*** ENTRIES SHOWN Section Begins ***
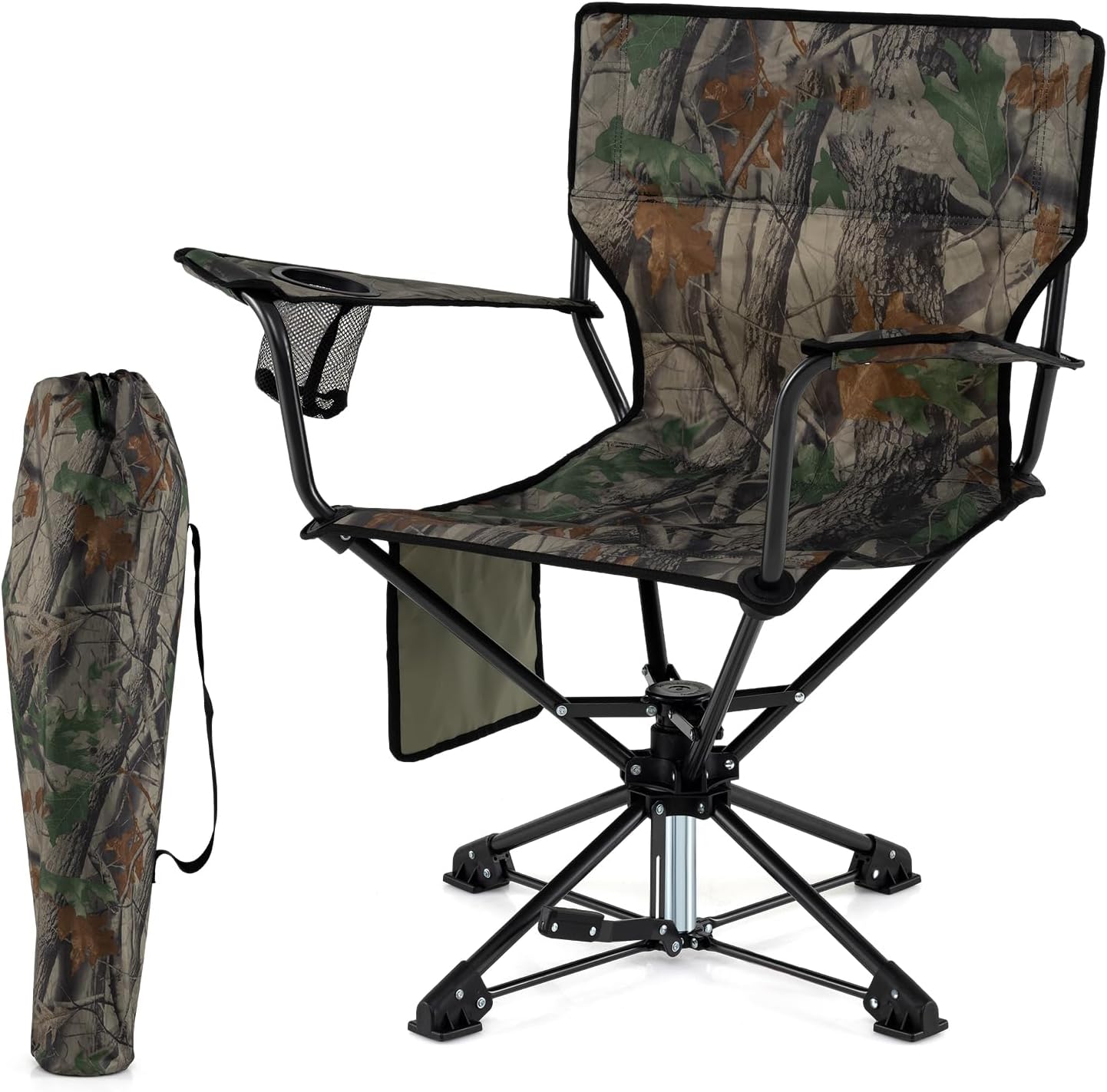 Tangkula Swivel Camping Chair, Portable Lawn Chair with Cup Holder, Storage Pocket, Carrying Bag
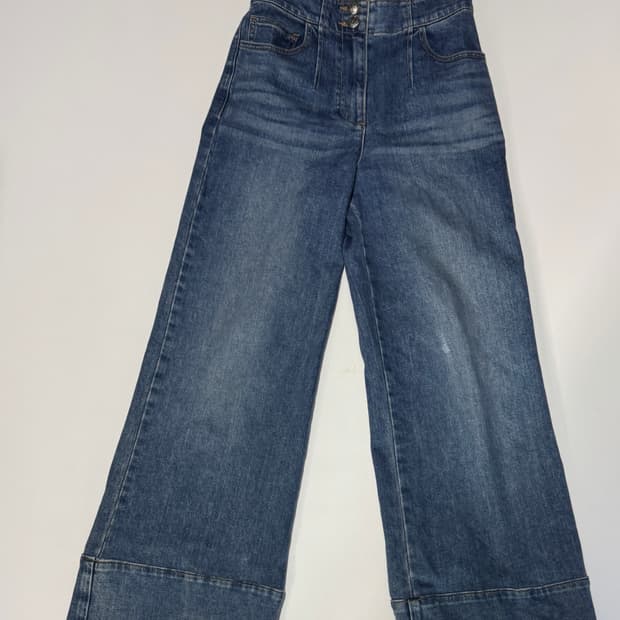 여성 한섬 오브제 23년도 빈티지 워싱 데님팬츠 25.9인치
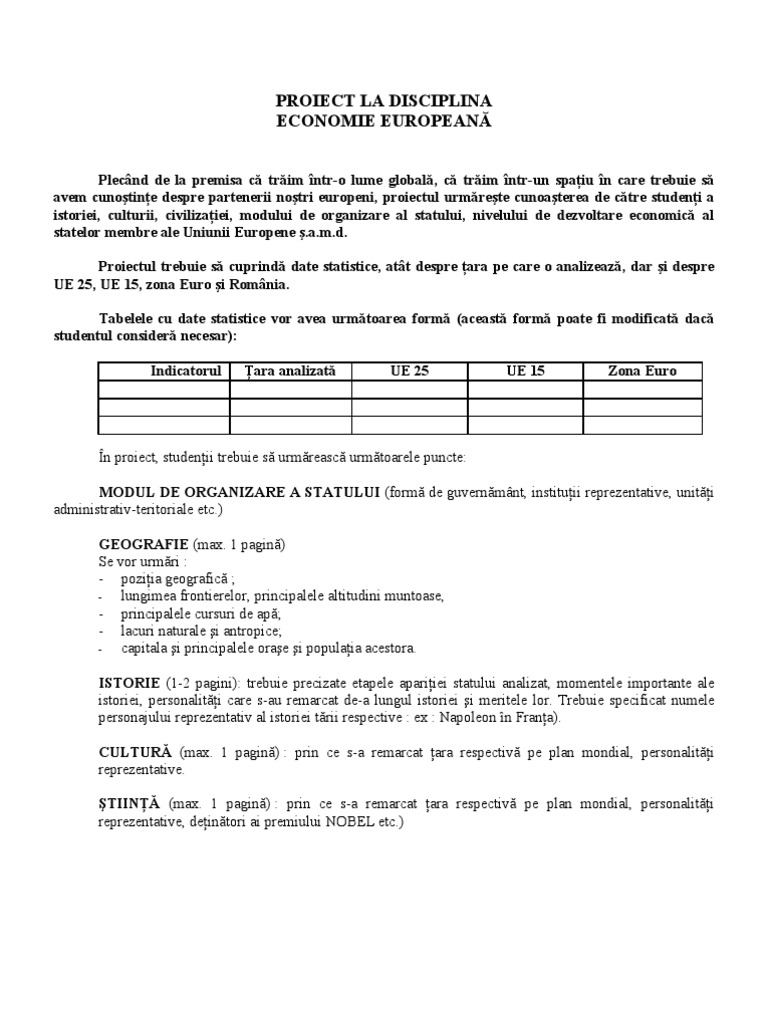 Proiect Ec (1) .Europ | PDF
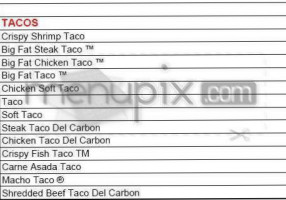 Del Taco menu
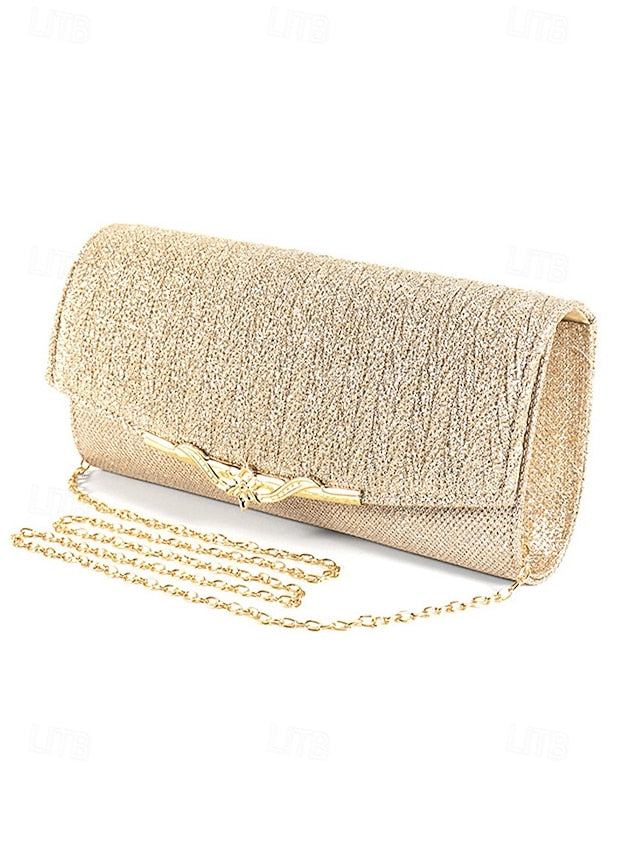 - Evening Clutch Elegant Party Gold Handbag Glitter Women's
*** ENTRIES SHOWN Section Ends ***
■ **EXERCISE AIM**:
Lines from the one containing "Proiect Ec (1) .Europ | PDF" through the end of the material above must be reproduced exactly; pictures must not be.

■ **OUTPUT OF THE TASK**:
 Proiect Ec (1) .Europ | PDF
 Del Taco menu
 - Evening Clutch Elegant Party Gold Handbag Glitter Women's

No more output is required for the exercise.